Deambuló por todos los cuartos del apartamento, no encontró un solo libro, ni un solo periódico, ni un pequeño trozo de papel, ni un lápiz, ni un lapicero. Se sintió muy vacío. Estaba vencido en el sillón cuando su celular le notificó que tenía un correo electrónico esperando a ser leído. Tomó el aparato, pulsó la pantalla táctil llego al momento previo de abrir el mensaje… no vio ningún remitente conocido, jv@future.com… al abrirlo, una sola frase… «tenés que leer». Con un enorme salto del susto soltó el celular que cayó estrepitosamente contra el suelo. Miró su entorno, como si esperara encontrar una respuesta a todas las preguntas que se le vinieron a la mente en ese momento, nada… no había nadie… la nada lo rodeaba.
Instintivamente agarró el control remoto del plasma, pensó en distraerse con un poco de ruido blanco para que le pasara el susto, al encenderse el aparato apareció una frase, letras blancas, sobre el fondo negro… «tenés que leer», en ese momento pensó que seguramente se trataba de una broma o una campaña publicitaria o que, definitivamente, se había deschavetado.
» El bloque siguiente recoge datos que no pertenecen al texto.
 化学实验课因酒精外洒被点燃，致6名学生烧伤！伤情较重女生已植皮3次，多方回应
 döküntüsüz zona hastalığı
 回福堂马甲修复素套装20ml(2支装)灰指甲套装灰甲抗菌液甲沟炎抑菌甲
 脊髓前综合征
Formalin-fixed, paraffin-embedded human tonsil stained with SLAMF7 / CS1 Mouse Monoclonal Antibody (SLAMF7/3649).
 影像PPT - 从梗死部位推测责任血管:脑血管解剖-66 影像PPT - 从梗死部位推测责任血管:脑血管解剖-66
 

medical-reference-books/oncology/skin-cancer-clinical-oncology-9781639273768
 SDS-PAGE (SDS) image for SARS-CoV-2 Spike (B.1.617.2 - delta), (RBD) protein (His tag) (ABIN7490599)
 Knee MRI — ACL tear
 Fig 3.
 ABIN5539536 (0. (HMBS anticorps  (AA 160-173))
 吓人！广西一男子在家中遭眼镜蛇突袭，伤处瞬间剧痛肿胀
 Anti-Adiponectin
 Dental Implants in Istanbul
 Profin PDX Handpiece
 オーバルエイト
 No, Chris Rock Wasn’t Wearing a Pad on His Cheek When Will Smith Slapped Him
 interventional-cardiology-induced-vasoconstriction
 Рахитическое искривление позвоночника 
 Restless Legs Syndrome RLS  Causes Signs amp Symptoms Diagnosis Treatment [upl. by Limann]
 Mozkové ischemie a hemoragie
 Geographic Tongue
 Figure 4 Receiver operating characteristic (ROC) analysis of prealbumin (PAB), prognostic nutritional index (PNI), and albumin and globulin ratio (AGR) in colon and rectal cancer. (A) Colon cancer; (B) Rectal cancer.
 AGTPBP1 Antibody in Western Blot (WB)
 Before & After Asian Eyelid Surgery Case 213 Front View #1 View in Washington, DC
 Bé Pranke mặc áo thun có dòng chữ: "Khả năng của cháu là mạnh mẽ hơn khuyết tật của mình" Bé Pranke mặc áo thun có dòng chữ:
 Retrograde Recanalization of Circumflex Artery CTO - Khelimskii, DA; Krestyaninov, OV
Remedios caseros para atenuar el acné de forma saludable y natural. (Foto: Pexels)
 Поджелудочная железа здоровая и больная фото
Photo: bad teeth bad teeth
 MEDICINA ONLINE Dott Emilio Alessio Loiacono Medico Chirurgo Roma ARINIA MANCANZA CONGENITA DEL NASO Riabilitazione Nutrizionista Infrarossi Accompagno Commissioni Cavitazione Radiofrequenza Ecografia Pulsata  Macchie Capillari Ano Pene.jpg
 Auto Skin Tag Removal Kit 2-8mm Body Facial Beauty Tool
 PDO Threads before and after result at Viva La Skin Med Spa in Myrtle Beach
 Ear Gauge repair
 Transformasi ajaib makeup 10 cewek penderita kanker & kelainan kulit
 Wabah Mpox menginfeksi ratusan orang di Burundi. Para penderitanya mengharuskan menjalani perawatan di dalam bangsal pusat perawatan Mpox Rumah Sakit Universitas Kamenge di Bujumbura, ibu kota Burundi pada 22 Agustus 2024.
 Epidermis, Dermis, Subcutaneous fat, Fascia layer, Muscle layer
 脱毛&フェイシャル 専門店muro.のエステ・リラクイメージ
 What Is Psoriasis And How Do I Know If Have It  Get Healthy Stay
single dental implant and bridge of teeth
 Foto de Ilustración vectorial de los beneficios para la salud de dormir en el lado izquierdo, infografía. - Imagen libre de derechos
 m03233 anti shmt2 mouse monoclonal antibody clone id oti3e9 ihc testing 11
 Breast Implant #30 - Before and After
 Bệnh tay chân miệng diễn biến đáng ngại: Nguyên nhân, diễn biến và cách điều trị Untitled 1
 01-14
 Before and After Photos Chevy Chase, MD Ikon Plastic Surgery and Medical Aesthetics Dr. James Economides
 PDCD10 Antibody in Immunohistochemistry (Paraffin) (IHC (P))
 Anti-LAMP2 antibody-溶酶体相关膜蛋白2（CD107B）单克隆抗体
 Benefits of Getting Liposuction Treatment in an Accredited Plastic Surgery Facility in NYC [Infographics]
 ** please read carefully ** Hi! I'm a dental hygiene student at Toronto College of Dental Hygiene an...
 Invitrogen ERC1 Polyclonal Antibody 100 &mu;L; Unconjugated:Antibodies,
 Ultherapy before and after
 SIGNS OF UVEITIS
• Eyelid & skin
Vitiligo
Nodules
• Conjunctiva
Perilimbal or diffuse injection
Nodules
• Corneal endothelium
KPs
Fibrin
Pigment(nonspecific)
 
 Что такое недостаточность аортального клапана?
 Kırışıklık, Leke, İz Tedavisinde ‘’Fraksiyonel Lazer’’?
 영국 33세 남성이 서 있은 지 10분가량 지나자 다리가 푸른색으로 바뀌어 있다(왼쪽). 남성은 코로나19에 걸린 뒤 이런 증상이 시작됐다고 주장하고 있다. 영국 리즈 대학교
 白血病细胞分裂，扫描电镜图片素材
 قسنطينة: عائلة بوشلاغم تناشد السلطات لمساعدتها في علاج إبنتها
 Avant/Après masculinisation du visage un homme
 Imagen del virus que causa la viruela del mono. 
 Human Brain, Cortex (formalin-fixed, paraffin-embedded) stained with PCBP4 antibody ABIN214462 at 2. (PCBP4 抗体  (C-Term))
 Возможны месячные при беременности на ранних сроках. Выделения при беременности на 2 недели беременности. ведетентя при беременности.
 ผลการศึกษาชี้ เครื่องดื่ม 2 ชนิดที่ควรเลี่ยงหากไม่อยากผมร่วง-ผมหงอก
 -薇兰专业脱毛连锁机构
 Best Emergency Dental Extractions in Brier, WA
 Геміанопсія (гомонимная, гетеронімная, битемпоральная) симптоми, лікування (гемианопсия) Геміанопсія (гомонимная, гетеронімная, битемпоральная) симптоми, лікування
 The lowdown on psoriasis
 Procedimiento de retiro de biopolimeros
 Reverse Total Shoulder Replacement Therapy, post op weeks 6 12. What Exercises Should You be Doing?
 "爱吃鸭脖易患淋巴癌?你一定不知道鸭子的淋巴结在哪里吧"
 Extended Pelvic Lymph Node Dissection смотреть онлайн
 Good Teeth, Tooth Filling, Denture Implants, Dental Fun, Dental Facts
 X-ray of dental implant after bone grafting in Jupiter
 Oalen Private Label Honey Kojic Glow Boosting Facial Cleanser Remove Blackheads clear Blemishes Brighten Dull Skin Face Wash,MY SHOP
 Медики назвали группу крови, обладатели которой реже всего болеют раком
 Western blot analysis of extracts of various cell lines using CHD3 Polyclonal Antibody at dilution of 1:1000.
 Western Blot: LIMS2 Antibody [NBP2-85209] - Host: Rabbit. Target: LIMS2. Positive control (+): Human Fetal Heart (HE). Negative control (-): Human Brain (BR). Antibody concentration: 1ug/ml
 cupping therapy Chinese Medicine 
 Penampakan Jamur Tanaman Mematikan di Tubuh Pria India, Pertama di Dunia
No importa cuál, ninguna le agradaba. Fue a su habitación, buscó su Ipod, se puso los audífonos y reconoció la voz de su sueño que le decía «tenés que leer» al pulsar el botón de play.
¿Qué pasaba en realidad? ¿acaso estaba volviéndose loco? tratando de hace caso a la petición, agarró la tablet y se dispuso a leer algún e-book que le pareciese interesante, misteriosamente el aparato no dio señales de vida. No podía leer. Entendió en ese momento que uno de los misterios encerrados en la petición de lectura es que debía encontrar la caja de libros que lo marcaron desde los once años, esos libros que forjaron en él algo que ya había olvidado: la imaginación. Debía rescatar a Verne, a Poe, a Shakespeare, a Maquiavelo, a Onetti, a García Marquez, a Storni, Sabines, Gelman y Benedetti. Debía encontrarlos o aceptar que, irremediablemente, había enloquecido.
Por los aires volaban gadgets desde el décimo piso del edificio, como en cámara lenta, mientras se estrellaban en la acera, aquel hombre perdía más la razón.